Managing Day-to-Day Symptoms
Because the immune system can’t produce effective antibodies on its own, most patients receive regular infusions of immunoglobulin, essentially a concentrated dose of protective antibodies collected from donor blood. These infusions, given intravenously every few weeks, help bridge the gap in immune protection. Patients also typically take daily preventive antibiotics to reduce the risk of certain bacterial and fungal infections, particularly Pneumocystis pneumonia.
Eczema is managed with the same approaches used for atopic dermatitis: moisturizers, topical anti-inflammatory creams, and avoiding triggers. Bleeding episodes may require platelet transfusions, especially during surgery or severe bleeding events. Contact sports and activities with high injury risk are generally avoided to reduce the chance of dangerous bleeding.

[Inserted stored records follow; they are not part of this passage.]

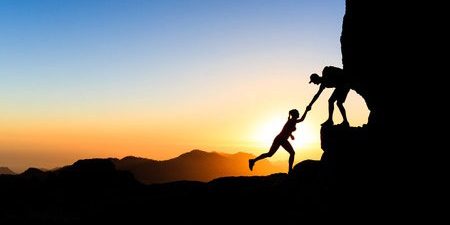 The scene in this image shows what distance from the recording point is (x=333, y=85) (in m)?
18.5

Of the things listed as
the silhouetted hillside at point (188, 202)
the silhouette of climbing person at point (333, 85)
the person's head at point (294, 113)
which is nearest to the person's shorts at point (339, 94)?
the silhouette of climbing person at point (333, 85)

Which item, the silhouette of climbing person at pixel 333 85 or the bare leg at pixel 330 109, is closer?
the silhouette of climbing person at pixel 333 85

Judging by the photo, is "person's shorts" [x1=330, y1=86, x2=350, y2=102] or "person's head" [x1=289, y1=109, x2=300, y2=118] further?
"person's head" [x1=289, y1=109, x2=300, y2=118]

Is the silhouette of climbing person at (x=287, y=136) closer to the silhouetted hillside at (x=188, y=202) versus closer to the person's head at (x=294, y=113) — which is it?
the person's head at (x=294, y=113)

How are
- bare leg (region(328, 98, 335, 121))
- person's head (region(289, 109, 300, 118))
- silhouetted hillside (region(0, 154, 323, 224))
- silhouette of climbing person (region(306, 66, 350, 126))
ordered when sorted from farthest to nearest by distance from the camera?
1. silhouetted hillside (region(0, 154, 323, 224))
2. person's head (region(289, 109, 300, 118))
3. bare leg (region(328, 98, 335, 121))
4. silhouette of climbing person (region(306, 66, 350, 126))

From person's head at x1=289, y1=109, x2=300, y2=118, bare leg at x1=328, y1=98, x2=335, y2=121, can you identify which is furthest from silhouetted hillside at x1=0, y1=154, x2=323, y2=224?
person's head at x1=289, y1=109, x2=300, y2=118

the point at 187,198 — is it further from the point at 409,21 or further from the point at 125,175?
the point at 125,175

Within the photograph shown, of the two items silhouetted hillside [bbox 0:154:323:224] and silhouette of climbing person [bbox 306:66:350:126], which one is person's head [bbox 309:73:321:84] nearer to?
silhouette of climbing person [bbox 306:66:350:126]

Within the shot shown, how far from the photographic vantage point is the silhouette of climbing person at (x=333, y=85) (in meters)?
18.3

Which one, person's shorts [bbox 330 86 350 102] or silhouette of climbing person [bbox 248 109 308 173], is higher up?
person's shorts [bbox 330 86 350 102]

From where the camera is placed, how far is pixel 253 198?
21344 mm

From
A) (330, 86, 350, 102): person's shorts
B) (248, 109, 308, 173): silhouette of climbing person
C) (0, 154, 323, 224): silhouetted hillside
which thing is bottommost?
(0, 154, 323, 224): silhouetted hillside

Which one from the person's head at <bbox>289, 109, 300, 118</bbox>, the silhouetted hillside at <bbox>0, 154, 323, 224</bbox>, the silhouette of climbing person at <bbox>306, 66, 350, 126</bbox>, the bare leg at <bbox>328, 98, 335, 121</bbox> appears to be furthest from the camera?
the silhouetted hillside at <bbox>0, 154, 323, 224</bbox>

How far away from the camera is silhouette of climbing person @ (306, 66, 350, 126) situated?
18.3m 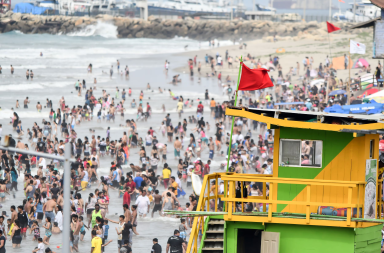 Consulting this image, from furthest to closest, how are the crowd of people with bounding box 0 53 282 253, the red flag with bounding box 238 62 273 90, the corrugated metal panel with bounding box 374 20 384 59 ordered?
the corrugated metal panel with bounding box 374 20 384 59, the crowd of people with bounding box 0 53 282 253, the red flag with bounding box 238 62 273 90

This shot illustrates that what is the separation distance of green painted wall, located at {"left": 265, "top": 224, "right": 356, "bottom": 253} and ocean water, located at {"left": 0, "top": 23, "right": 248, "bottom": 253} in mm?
9149

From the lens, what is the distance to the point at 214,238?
10.2m

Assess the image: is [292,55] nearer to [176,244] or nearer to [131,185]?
[131,185]

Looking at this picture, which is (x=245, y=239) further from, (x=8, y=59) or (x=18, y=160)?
(x=8, y=59)

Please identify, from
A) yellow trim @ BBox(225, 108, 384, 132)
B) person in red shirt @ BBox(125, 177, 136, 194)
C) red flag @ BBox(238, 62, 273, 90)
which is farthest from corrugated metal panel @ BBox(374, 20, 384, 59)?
yellow trim @ BBox(225, 108, 384, 132)

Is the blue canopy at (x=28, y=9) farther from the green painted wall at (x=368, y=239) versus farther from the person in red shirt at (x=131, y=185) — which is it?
the green painted wall at (x=368, y=239)

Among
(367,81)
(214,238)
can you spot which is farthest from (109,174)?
(367,81)

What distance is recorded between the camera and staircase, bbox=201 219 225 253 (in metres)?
9.84

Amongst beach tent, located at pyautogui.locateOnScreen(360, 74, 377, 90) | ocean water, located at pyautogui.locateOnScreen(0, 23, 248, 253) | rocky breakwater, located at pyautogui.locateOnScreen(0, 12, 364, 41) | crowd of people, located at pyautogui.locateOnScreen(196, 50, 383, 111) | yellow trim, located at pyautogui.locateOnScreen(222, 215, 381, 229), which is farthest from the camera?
rocky breakwater, located at pyautogui.locateOnScreen(0, 12, 364, 41)

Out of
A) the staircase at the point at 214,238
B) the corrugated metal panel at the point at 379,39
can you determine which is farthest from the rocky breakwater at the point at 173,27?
the staircase at the point at 214,238

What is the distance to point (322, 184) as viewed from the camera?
8609 mm

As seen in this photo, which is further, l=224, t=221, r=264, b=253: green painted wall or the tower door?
l=224, t=221, r=264, b=253: green painted wall

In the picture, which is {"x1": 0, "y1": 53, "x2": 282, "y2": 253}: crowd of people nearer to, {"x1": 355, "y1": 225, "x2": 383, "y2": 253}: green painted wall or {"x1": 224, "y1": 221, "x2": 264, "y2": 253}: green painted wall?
{"x1": 224, "y1": 221, "x2": 264, "y2": 253}: green painted wall

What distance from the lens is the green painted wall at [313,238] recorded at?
8.79 meters
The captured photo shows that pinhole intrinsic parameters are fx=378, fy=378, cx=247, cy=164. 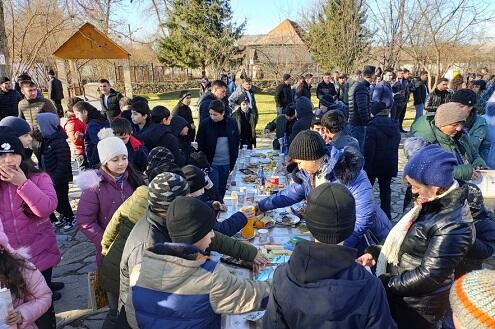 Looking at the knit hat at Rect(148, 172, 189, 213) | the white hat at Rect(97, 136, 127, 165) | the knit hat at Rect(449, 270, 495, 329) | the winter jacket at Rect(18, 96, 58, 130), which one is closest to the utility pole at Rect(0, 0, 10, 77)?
the winter jacket at Rect(18, 96, 58, 130)

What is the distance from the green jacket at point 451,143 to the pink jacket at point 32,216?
→ 11.4ft

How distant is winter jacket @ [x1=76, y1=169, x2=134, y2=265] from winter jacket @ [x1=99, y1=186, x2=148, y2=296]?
1.78ft

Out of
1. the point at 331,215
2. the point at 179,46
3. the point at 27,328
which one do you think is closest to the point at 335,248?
the point at 331,215

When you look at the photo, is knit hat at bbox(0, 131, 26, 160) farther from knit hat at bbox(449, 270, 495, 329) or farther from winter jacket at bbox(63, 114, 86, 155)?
winter jacket at bbox(63, 114, 86, 155)

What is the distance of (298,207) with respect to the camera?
3.82 metres

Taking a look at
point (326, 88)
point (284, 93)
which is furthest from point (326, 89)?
point (284, 93)

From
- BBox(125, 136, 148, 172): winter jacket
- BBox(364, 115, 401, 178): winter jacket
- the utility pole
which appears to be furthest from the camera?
the utility pole

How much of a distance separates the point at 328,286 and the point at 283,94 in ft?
36.5

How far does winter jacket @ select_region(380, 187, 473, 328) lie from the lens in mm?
1935

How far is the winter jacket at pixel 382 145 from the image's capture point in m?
5.25

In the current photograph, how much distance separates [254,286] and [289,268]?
17.6 inches

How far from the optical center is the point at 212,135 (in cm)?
561

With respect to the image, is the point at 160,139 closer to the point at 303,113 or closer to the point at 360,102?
the point at 303,113

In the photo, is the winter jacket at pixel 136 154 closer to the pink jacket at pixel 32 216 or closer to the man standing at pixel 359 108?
the pink jacket at pixel 32 216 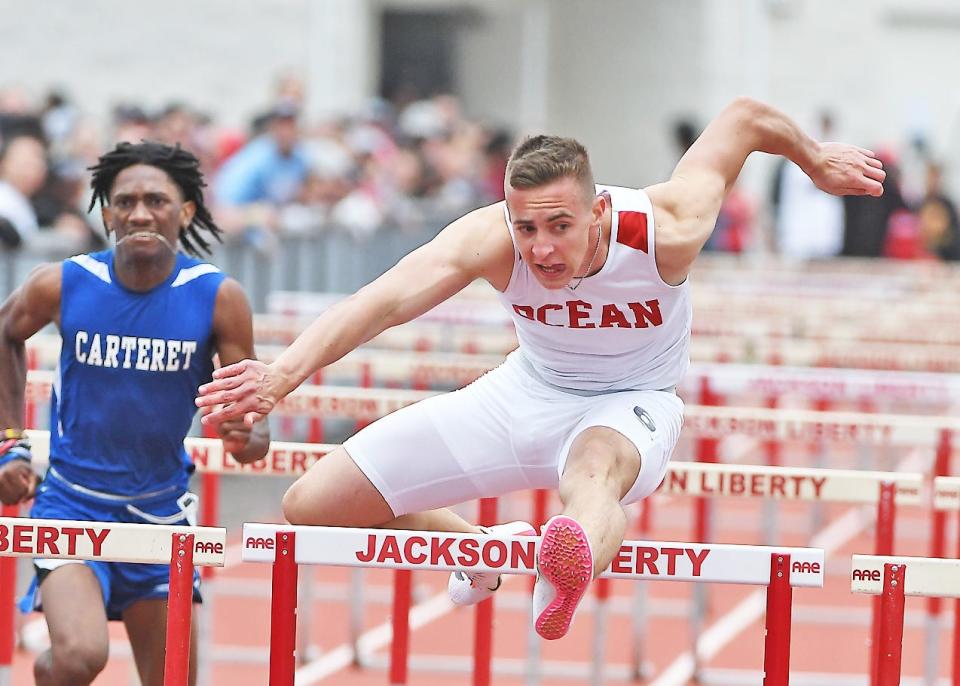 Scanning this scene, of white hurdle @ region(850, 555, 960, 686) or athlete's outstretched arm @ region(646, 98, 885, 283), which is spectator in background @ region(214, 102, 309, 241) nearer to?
athlete's outstretched arm @ region(646, 98, 885, 283)

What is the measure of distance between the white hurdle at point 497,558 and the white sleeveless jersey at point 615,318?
990 mm

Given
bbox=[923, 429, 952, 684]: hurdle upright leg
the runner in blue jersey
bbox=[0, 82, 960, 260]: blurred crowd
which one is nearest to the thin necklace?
the runner in blue jersey

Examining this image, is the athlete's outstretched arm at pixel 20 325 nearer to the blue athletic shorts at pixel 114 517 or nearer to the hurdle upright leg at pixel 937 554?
the blue athletic shorts at pixel 114 517

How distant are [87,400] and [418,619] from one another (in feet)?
13.1

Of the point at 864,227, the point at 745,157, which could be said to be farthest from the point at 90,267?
the point at 864,227

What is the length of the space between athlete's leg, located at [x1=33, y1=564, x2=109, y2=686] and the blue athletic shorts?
0.37 feet

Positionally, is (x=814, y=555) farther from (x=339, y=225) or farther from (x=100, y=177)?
(x=339, y=225)

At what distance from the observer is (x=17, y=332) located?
5.77 m

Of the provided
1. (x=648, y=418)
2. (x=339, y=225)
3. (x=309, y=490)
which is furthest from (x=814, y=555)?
(x=339, y=225)

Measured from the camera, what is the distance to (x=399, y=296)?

Stem Cell Transplant: The Definitive Treatment
A stem cell transplant (also called a bone marrow transplant) is currently the only established cure for Wiskott-Aldrich syndrome. It replaces the faulty blood-forming stem cells with healthy donor cells that can produce functional WASp. When a well-matched donor is available, typically a sibling with identical tissue markers, outcomes are strong: overall survival reaches about 90% with long-term follow-up averaging 11 years. When donors are less well matched, survival drops to around 50%, though advances in transplant techniques continue to improve these numbers.
The transplant process involves chemotherapy to make room for the new donor cells, followed by an infusion of the donor stem cells and weeks to months of recovery as the new immune system establishes itself. Younger age at transplant generally predicts better outcomes, which is why early diagnosis matters so much.
Gene Therapy as an Alternative
For patients who lack a suitable donor, gene therapy has emerged as a promising option. The approach uses a modified virus to deliver a working copy of the WAS gene into the patient’s own blood-forming stem cells, which are then returned to the body. In a clinical trial following eight patients for a median of 7.6 years after treatment, gene-corrected cells engrafted stably, severe infections and eczema resolved, and spontaneous bleeding episodes decreased significantly in both frequency and severity. Three patients achieved platelet counts above 140,000 per microliter, within the normal range.
One patient in the trial died seven months after gene therapy from complications of a pre-existing infection, not from the therapy itself. No other serious treatment-related adverse events were reported over the follow-up period. While these results are encouraging, gene therapy for WAS remains available primarily through specialized centers and clinical trials rather than as a routine treatment option.